While such models offer the benefits of traditional AMMs once assets are bridged (as the liquidity becomes centralised at a single point), they inadvertently contribute to ecosystem fragmentation by shifting liquidity off-chain.

Moreover, the security of such solutions is a matter of concern.

Central Executor projects introduce six extra attack surfaces: two bridge wallets, two bridges, one IOU synthetic token, and one additional chain.

Each additional component presents a potential point of failure, increasing the overall system complexity. Past exploits targeting bridge-owned smart contract wallets and bridges themselves serve as stark reminders of these vulnerabilities. Additionally, the central executor – another consensus network – brings its own set of security assumptions and can become a potential attack surface or a bottleneck.

Bridging Token Projects

In Bridging Token projects, users acquire assets through an ordinary AMM and subsequently trade them for assets on another chain. This process involves issuing an intermediary token to facilitate the transaction.

However, this approach comes with its own set of challenges.

Firstly, users and liquidity providers must place their trust in the intermediary token, which adds an extra swap. For market makers, it also means understanding the complex dynamics between a fixed supply token and the variable demand for providing liquidity.

As more liquidity enters the system, the price of the intermediary token rises, resulting in market-making losses for liquidity providers. The opposite is also true.

Furthermore, an AMM using a common bridging token not only requires trust in the bridging token but also exposes the system to additional security risks if the bridging solution relies on bridge wallets, introducing two more potential attack surfaces.

The need for liquidity is effectively doubled compared to a traditional AMM, while still offering comparatively inferior swaps.


These existing solutions, while pioneering in their own right, highlight the need for a more seamless, secure, and user-friendly approach. This is where Catalyst and its innovative Unit of Liquidity come into play.

The Solution: Unit of Liquidity

So, how can a cross-chain swap be executed without a complete picture of the AMM state?

The answer lies in the abstraction that the Unit of Liquidity provides.

The Catalyst system splits an asset swap into two parts: firstly, the input asset amount is converted into a Unit of Liquidity, which encapsulates the value of the input asset. Then, this Unit of Liquidity is used to extract the output asset from a connected pool.

The beauty of this approach is that it makes the process self-contained within the pool the asset resides in, eliminating any dependence on the state of an external pool.

The unit of liquidity is designed such that it can be easily transmitted between pools asynchronously. The result is significantly fewer components: one pool on each chain connected by a cross-chain messaging layer.

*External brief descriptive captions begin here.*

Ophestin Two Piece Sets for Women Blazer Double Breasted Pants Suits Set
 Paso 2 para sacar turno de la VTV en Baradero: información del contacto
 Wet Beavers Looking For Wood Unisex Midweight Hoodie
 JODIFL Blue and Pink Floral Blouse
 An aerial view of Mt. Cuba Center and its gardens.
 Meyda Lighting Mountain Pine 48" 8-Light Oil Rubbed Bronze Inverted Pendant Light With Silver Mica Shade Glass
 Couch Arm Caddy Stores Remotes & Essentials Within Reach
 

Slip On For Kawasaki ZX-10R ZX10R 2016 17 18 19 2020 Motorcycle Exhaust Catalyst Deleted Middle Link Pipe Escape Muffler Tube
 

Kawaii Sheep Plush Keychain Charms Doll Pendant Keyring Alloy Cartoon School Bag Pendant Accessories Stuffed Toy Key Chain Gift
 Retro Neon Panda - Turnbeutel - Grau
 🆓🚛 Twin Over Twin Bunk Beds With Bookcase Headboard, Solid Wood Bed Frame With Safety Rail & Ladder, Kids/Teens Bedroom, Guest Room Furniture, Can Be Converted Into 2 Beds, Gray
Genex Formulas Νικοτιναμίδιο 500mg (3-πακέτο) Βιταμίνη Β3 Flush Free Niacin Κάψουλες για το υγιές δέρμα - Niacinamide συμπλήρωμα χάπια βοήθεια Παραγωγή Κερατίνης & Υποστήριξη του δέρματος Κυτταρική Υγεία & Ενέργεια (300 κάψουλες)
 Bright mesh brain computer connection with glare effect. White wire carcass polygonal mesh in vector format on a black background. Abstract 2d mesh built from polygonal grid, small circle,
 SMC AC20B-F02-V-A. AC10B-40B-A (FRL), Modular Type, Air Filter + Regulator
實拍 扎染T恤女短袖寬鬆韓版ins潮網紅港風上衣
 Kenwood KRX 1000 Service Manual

Catalyst is a cross-chain automated market maker that only needs an interoperability messaging layer to operate.

The Unique Benefits of the Unit of Liquidity

The creation of the Unit of Liquidity paves the way for several distinct benefits. Catalyst becomes the first liquidity layer to allow permissionless creation of cross-chain pools, thereby providing support for the long tail of assets not found on any other on-chain venue.

Users can execute 1-click transactions on any supported chain, swapping native assets without cumbersome bridging or reliance on wrapped assets.

Liquidity scales as there is a single-sided pool per asset per chain, and security is enhanced as the attack surface is limited to a single bridge message.

Catalyst is also secure due to its simplified design. One cross-chain message is sent—as opposed to the 4-6 attack surfaces of existing solutions.

Catalyst: A Game Changer in Cross-Chain Liquidity

In summary, the Unit of Liquidity is a crucial element in Catalyst's vision to provide a seamless, permissionless liquidity layer for the modular future.

It empowers users to engage with new applications on chains they don't yet have assets in and eases the process of cross-chain asset swapping. As such, Catalyst, through its Unit of Liquidity innovation, is positioned to redefine the landscape of cross-chain liquidity solutions.